Law and Politics
Perhaps in the hopes of burying the news over the holiday break, Newark released emails late on Christmas Eve pertaining to the $100 million donation that Facebook founder Mark Zuckerberg had given to it back in 2010. The ACLU had sued the city on behalf of local parents, wanting to see what sorts of deals had been struck between the city, Mayor Cory Booker, the city’s schools, and the wealthy ed-reform philanthropists. The Jersey Jazzman has examined the emails, noting not only the demands that Bill Gates made (the installation of “panoramic cameras” to monitor teachers) but the involvement of Facebook COO Sheryl Sandberg (who’s also an investor in the Silicon Valley charter Rocketship Education).
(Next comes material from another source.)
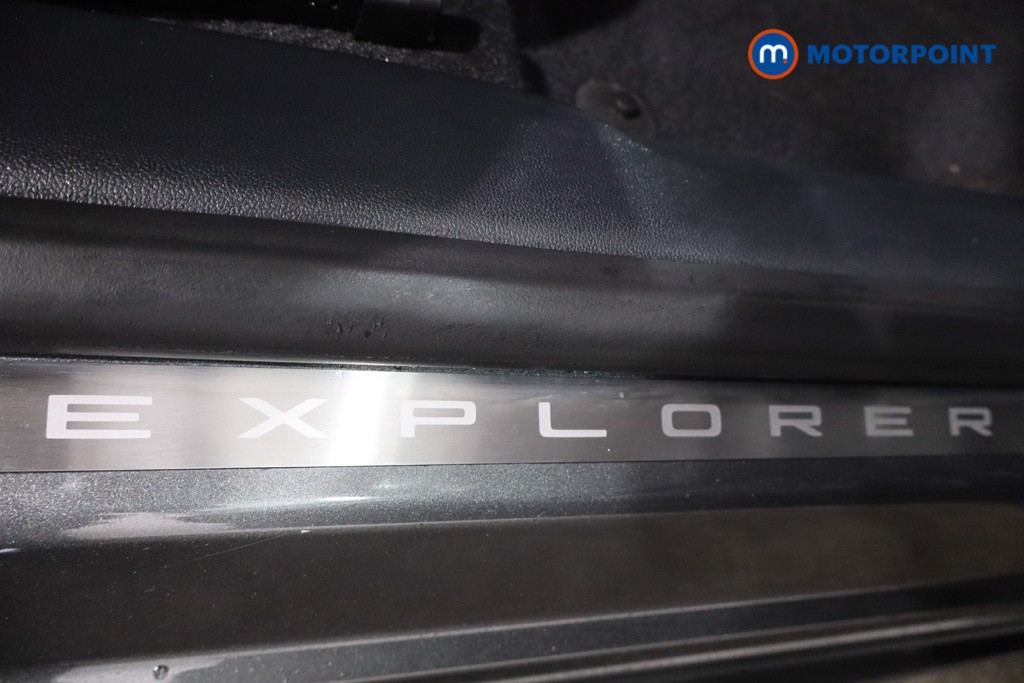 Ford Explorer Premium Automatic Electric SUV - Stock Number (1586085) - 21st supplementary image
Malala Yousufzai, the young Pakistani girl and education activist who was shot by the Taliban late last year, was released this week from a hospital in the UK.
A $100 million lawsuit was filed against Sandy Hook Elementary School by the parents of a child who survived the mass killing at the school. The suit claimed that the school did not do enough to protect students’ safety and that the child was traumatized by heaing gunshots, screaming, and cursing over the school’s loudspeaker. The suit was later withdrawn, although the lawyer says he might refile.
California Assemblyman Dan Logue has proposed legislation to create a pilot program that would investigate ways for the state to offer a college degree that costs no more than $10,000. (There are similar efforts in Florida and Texas.) It’s not clear if Logue’s bill will move forward.
The Washington Post reports that the National Labor Relations Board has ruled that a Chicago-based charter school is not a public entity, but a private one. The teachers at the Chicago Math and Science Academy had tried to unionize under the Illinois Educational Labor Relations Act, but the school had insisted that the law (and thus the process for organizing) did not apply. The NLRB agrees, which means that the employees are subject to private labor relations laws. So we must ask (again): are charter schools public or private?
Upgrades
Instructure has launched its first native Canvas app for Android. The app, which is free, allows students and faculty to access their To-Do lists, Assignments, Calendar, Grades, and the Canvas messaging service. (In other Instructure-related news, e-literate's Phil Hill examines the recent security audit the learning management system commissioned.)
Funding
The study tool StudyBlue announced that it has raised $9 million in funding from Great Oaks Venture Capital and Wisconsin Alumni Resource Foundations (WARF).
Research and Data
It’s a statistic that a lot of education reform-types like to cite: that, according to the book Academically Adrift, about 45% of college students show no improvement in critical thinking, complex reasoning, or written communication during their first two years in college. But a recent study from researchers at the Educational Testing Service, challenges the the notion that we put too much weigh on the tests on which this statistic (and the larger assertion about universities’ failings) is based, in part because students have no motivation to perform well on them. For more information, see the story in Inside Higher Ed.
The Library of Congress issued an update on the status of its Twitter archive. Twitter announced that it was donating its archive to the library back in April of 2010. “The Library’s first objectives were to acquire and preserve the 2006–10 archive; to establish a secure, sustainable process for receiving and preserving a daily, ongoing stream of tweets through the present day; and to create a structure for organizing the entire archive by date.” Those first objectives will be completed this month, but scholars’ access to the archive still seems to be a long ways off.
According to research from the University of Michigan’s Marc Perry, the price of college textbooks has increased 812% since 1978 — something that makes the housing bubble “seem rather inconsequential.” He adds that “the nine-fold increase in textbook prices also dwarfs the increase in the cost of medical services over the last three decades. Compared to the 250% increase in the Consumer Price Index (CPI) over the last 34 years, college textbooks have risen more than three times the amount of the average increase for all goods and services.”
A preview of the 2013 Horizon Report for Higher Education is now available online. On the near horizon of ed-tech adoption: the flipped classroom, MOOCs, mobile apps, and tablet computing. The report’s official release will come in February.